═══ Source data ═══
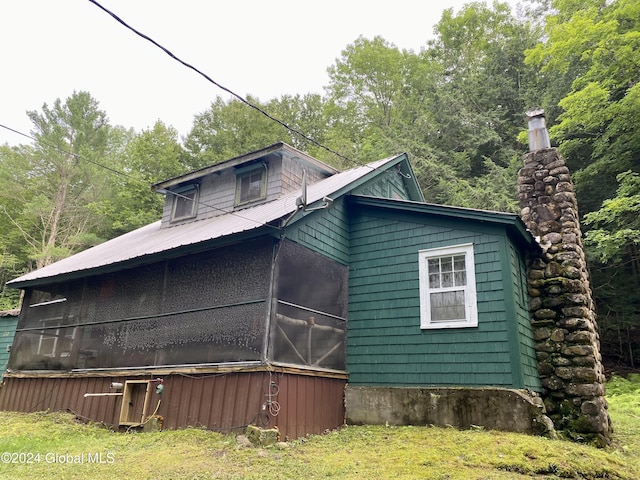 view of side of home with a sunroom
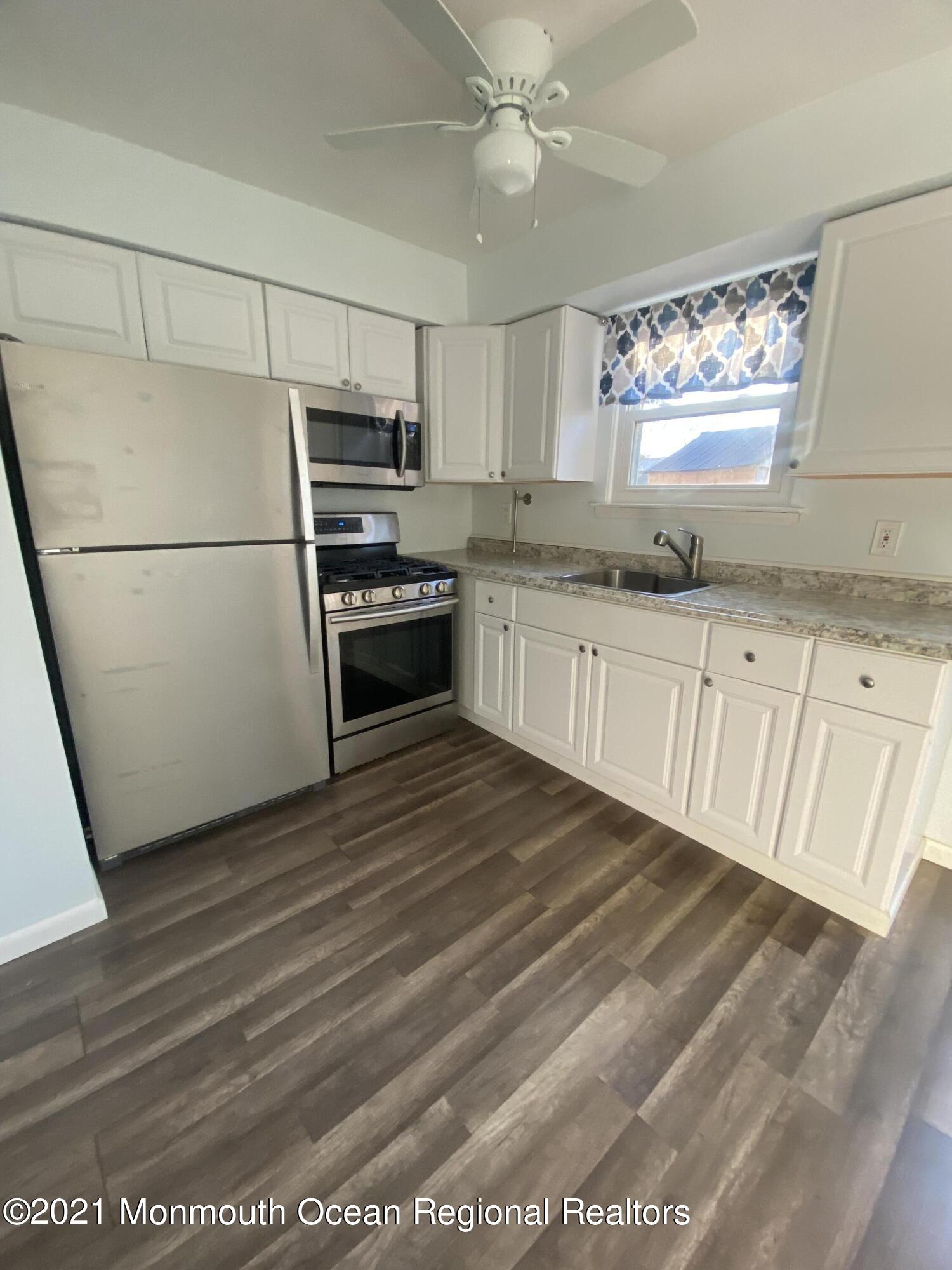 100 Greenwood Loop Road Brick, NJ 08724 - Photo 4 of 6 a kitchen with granite countertop a refrigerator a sink and white cabinets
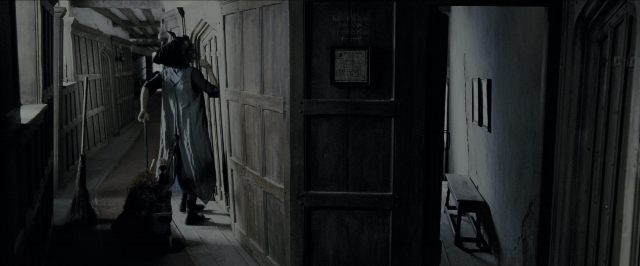 Wide shot frame from Harry Potter and the Prisoner of Azkaban — standing, door, hat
═══
Work to complete:
Retype the data above verbatim, minus images.

Task response:
 view of side of home with a sunroom
 100 Greenwood Loop Road Brick, NJ 08724 - Photo 4 of 6 a kitchen with granite countertop a refrigerator a sink and white cabinets
 Wide shot frame from Harry Potter and the Prisoner of Azkaban — standing, door, hat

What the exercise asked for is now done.